In all, some 3,000 Christian churches, schools, cemeteries, and monuments were vandalized, looted or defaced in Europe during 2019, making it a record year for anti-Christian sacrilege.
The greatest number of acts of violence against Christian sites have occurred in France, where churches, schools, cemeteries, and monuments “are being vandalized, desecrated, and burned at an average rate of three per day,” according to reports citing government statistics.
Germany is not far behind, with attacks against Christian churches happening at an average rate of two per day. Meanwhile, attacks on Christian churches and symbols regularly occurred in 2019 in Belgium, the UK, Denmark, Ireland, Italy, and Spain as well.
While the violence overwhelmingly involves Roman Catholic sites and symbols, in Germany, Protestant churches have also been targeted.
Police and mainstream media almost always censor information about the identities and ethnic backgrounds of the perpetrators, so it is difficult to get a clear idea as to who is committing the crimes and the motives behind them — especially when they are religiously driven.
In France and Germany, the sharp rise in anti-Christian attacks has coincided with the recent mass immigration from the Muslim world, yet the lack of official statistics makes it impossible to know precisely how many attacks can be attributed to Islamic anti-Christian hostility.
“European governments and politicians, with a few exceptions, seem reluctant to address this problem,” Ms. Fantini told Breitbart.

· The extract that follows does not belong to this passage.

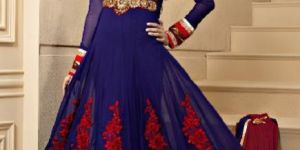Salwar Suit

Fantini said she agrees with former UK Foreign Secretary Jeremy Hunt that “the UK and other Western governments have not grappled with the issue perhaps because of a misguided political correctness or an instinctive reluctance to talk about religion.”
In 2019, only nine European states reported hate crime data relating to Christians to the OSCE for their hate crime report, Fantini noted, which is fewer than the number of states that report hate crimes with an anti-Muslim or antisemitic bias.
According to Bishop Dominique Rey of Fréjus-Toulon, we are “witnessing the convergence of laicism – conceived as secularism, which relegates the faithful only to the private sphere and where every religious denomination is banal or stigmatized – with the overwhelming emergence of Islam, which attacks the infidels and those who reject the Koran.
“On one hand, we are mocked by the media that discredit the action of the Church, in particular regarding sexual abuse, and on the other, there is the strengthening of Islamic fundamentalism. These are two joint realities,” he said.